Obama says he didn't know aunt's illegal status
CHICAGO – Democratic presidential nominee Barack Obama said Saturday he didn't know his aunt was living in the United States illegally and believes that laws covering the situation should be followed.
The Associated Press found that Obama's aunt had been instructed to leave the country four years ago by an immigration judge who rejected her request for asylum from her native Kenya. The woman, Zeituni Onyango (zay-TUHN on-YANG-oh), is living in public housing in Boston and is the half-sister of Obama's late father.
A statement given to the AP by Obama's campaign said, "Senator Obama has no knowledge of her status but obviously believes that any and all appropriate laws be followed." Traveling with Obama in Nevada, campaign strategist David Axelrod declined to elaborate on the statement, but said: "I think people are suspicious about stories that surface in the last 72 hours of a national campaign."
An adviser to Republican John McCain's campaign, Mark Salter, said he had no comment on the reports about Obama's relative. "It's a family matter," Salter said.
The campaign said it was returning $260 that Onyango had contributed in small increments to Obama's presidential bid over several months. Federal election law prohibits foreigners from making political donations. Onyango listed her employer as the Boston Housing Authority and last gave $5 on Sept. 19.
Onyango, 56, is part of Obama's large paternal family, with many related to him by blood whom he never knew growing up.
Obama's father, Barack Obama Sr., left the future presidential nominee when the boy was 2, and they reunited only once — for a monthlong visit when Obama was 10. The elder Obama lived most of his life in Kenya, where he fathered seven other children with three other wives.

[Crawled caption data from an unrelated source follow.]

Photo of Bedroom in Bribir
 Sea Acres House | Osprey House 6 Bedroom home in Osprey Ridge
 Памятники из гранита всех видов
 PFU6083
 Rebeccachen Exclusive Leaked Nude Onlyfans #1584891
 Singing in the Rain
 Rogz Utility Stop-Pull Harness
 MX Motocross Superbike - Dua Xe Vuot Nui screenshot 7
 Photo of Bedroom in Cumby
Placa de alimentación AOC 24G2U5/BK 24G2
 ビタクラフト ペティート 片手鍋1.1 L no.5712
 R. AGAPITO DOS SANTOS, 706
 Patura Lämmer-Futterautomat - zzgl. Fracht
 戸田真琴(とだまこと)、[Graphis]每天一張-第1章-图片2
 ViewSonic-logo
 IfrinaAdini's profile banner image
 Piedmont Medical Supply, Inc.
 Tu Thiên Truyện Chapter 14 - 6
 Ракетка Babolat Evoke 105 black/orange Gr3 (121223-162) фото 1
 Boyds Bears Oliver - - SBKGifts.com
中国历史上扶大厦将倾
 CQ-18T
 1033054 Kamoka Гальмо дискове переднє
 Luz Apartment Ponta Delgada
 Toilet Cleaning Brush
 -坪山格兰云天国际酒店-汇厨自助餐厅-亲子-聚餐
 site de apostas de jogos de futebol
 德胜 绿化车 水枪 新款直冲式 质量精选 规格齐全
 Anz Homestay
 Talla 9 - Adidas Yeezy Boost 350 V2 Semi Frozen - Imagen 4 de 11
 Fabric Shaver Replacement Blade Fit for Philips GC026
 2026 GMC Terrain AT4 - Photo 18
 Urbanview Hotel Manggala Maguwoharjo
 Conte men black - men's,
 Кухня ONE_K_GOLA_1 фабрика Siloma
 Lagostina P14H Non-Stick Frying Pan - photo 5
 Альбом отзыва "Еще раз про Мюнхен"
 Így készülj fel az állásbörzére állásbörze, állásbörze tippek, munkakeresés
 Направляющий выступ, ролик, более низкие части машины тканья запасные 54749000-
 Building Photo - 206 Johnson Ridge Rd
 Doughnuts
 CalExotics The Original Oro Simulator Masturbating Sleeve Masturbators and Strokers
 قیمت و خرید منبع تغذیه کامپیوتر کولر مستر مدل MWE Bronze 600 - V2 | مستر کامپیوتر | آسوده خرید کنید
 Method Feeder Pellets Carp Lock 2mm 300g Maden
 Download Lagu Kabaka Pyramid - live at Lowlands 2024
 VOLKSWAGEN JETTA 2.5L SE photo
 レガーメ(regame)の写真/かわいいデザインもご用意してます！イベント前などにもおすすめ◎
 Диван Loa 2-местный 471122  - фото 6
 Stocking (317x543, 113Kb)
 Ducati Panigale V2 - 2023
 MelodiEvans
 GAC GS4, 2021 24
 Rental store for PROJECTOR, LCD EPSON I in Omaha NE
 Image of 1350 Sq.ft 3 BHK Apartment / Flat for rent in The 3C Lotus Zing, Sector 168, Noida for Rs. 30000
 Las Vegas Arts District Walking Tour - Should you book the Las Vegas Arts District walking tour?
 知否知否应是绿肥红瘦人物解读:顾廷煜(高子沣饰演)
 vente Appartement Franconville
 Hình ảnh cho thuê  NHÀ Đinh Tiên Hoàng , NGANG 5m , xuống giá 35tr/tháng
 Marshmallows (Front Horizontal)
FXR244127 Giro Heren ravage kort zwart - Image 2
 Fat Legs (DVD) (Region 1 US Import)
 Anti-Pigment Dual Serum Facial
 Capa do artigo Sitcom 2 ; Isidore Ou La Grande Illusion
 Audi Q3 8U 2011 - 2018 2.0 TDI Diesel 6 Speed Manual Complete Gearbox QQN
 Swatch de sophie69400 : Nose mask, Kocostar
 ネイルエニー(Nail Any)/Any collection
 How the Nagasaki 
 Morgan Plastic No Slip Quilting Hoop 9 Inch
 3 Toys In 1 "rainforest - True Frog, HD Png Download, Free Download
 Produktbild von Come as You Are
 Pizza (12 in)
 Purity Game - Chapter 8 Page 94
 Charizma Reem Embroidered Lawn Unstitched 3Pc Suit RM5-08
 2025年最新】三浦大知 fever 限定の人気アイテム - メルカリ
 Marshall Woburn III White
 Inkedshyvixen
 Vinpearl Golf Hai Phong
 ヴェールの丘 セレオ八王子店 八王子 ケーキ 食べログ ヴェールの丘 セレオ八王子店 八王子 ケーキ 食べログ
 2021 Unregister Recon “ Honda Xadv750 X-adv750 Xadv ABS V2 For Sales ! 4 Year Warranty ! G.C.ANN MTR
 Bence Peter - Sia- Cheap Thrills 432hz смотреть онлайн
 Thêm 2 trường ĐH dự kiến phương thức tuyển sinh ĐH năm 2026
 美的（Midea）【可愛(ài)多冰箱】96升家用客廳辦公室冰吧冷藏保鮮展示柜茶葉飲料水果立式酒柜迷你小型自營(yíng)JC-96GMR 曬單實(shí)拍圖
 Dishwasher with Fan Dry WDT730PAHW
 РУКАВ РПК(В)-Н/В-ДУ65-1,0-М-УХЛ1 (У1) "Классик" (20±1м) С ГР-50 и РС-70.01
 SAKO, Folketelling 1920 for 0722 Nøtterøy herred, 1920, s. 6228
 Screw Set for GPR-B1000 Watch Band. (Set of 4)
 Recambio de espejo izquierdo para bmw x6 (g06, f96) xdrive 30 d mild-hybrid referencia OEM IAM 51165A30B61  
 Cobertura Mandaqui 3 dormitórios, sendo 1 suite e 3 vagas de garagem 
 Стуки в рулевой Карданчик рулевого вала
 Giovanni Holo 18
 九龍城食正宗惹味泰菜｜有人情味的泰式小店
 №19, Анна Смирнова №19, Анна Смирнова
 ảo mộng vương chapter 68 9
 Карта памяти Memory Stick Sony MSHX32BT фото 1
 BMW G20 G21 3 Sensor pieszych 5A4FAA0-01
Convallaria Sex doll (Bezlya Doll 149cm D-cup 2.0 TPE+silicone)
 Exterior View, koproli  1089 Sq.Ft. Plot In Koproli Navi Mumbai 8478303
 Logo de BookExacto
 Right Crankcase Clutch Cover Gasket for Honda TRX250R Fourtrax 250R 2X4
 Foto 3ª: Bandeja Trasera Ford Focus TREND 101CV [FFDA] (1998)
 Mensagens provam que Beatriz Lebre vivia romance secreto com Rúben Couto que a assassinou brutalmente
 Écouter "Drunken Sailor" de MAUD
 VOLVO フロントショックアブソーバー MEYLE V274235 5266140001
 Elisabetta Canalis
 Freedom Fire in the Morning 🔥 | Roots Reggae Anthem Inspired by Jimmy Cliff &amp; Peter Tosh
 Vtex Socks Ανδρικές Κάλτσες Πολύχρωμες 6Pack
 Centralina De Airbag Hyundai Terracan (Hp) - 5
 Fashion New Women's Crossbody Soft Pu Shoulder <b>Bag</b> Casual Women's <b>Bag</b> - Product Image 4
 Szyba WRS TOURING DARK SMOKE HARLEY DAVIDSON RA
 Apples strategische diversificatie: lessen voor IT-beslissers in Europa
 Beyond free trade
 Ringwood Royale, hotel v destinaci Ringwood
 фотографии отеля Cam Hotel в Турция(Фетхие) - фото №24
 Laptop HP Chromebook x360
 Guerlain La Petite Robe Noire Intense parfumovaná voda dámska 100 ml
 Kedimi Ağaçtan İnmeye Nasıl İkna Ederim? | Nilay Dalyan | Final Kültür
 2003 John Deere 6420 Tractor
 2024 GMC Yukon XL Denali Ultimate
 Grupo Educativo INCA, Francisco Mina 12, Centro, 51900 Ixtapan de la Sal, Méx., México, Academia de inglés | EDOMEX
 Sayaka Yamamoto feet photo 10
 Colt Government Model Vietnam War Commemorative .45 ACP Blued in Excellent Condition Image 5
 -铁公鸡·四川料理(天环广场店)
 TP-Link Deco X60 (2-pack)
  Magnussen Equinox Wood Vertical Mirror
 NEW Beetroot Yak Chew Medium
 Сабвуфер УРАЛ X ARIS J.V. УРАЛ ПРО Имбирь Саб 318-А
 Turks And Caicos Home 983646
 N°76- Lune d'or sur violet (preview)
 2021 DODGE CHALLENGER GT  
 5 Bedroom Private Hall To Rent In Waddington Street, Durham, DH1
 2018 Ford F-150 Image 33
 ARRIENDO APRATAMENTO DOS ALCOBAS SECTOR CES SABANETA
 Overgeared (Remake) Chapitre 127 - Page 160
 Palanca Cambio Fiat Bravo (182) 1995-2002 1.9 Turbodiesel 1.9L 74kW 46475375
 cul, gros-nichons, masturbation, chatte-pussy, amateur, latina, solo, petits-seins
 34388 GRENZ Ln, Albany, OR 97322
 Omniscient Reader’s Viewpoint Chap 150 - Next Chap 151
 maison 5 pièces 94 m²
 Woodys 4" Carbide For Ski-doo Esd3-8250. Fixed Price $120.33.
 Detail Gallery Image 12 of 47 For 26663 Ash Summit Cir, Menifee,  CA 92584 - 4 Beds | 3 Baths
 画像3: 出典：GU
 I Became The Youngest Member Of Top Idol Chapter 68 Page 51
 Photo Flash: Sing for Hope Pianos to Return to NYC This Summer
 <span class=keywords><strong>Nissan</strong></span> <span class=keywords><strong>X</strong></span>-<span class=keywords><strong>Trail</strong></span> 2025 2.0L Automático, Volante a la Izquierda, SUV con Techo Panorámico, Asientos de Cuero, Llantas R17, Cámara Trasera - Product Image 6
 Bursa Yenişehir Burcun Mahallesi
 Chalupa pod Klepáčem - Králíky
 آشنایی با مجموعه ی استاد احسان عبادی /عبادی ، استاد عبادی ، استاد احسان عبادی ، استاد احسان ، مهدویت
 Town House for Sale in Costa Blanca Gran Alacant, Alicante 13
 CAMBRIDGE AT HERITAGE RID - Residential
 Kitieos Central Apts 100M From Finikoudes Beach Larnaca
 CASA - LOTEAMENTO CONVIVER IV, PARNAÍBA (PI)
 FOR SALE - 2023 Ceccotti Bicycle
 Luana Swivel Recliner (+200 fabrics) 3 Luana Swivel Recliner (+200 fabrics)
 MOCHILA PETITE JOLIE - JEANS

He died in a car crash in 1982.
Obama was raised for the most part by his mother and her parents in Hawaii. He first met his father's side of the family when he traveled to Africa 20 years ago. He referred to Onyango as "Auntie Zeituni" when describing the trip in his memoir, saying she was "a proud woman."
Obama's campaign said he had seen her a few times since that meeting, beginning with a return trip to Kenya with his future wife, Michelle, in 1992. Onyango visited the family in Chicago on a tourist visa at Obama's invitation about nine years ago, the campaign said, stopping to visit friends on the East Coast before returning to Kenya.
She attended Obama's swearing-in to the U.S. Senate in 2004, but campaign officials said Obama provided no assistance in getting her a tourist visa and doesn't know the details of her stay. The campaign said he last heard from her about two years ago when she called saying she was in Boston, but he did not see her there.
Onyango's refusal to leave the country would represent an administrative, noncriminal violation of immigration law, meaning such cases are handled outside the criminal court system. Estimates vary, but many experts believe there are more than 10 million such immigrants in the U.S.
The AP could not immediately reach Onyango for comment. When a reporter went to her home Friday night, no one answered the door. A neighbor said she was often not home on weekends. Onyango did not immediately return telephone and written messages left at her home.
Onyango was instructed to leave the country by a U.S. immigration judge who denied her asylum request, a person familiar with the matter told the AP. This person spoke on condition of anonymity because no one was authorized to discuss Onyango's case.
It was unclear why her request was rejected in 2004. A spokeswoman for U.S. Immigration and Customs Enforcement, Kelly Nantel, said the government does not comment on an individual's citizenship status or immigration case.
Information about the deportation case was disclosed and confirmed by two separate sources, one a federal law enforcement official. The information they made available is known to officials in the federal government, but the AP could not establish whether anyone at a political level in the Bush administration or in the McCain campaign had been involved in its release.
Onyango's case — coming to light just days before the presidential election — led to an unusual nationwide directive within Immigrations and Customs Enforcement requiring that any deportations before Tuesday's election be approved at least at the level of the agency's regional directors, the U.S. law enforcement official told the AP.
The directive suggests that the administration is sensitive to the political implications of Onyango's case coming to light so close to the election.
The East African nation has been fractured by violence in recent years, including a period of two months of bloodshed after December 2007 that killed 1,500 people.
In Boston, Lydia Agro, communications director for the Housing Authority, said Onyango had been screened and approved for public housing as an "eligible non-citizen" when she moved in in 2003. She said the authority is not notified of deportation orders and did not know Onyango was related to Obama until two days ago.
Agro said the authority doesn't believe it needs to take any action to remove Onyango from public housing despite the order.
She said that although Onyango entered the system under federal guidelines in a federal development, she now lives in a state-funded development. State law forbids the authority from even asking Onyango about her immigration status. That means the federal deportation order has no bearing on Onyango's eligibility for the state-funded project where she lives, Agro said.
"We're not convinced that the deportation decision will affect her housing at all right now," she said.
"She's been a very good resident," she added.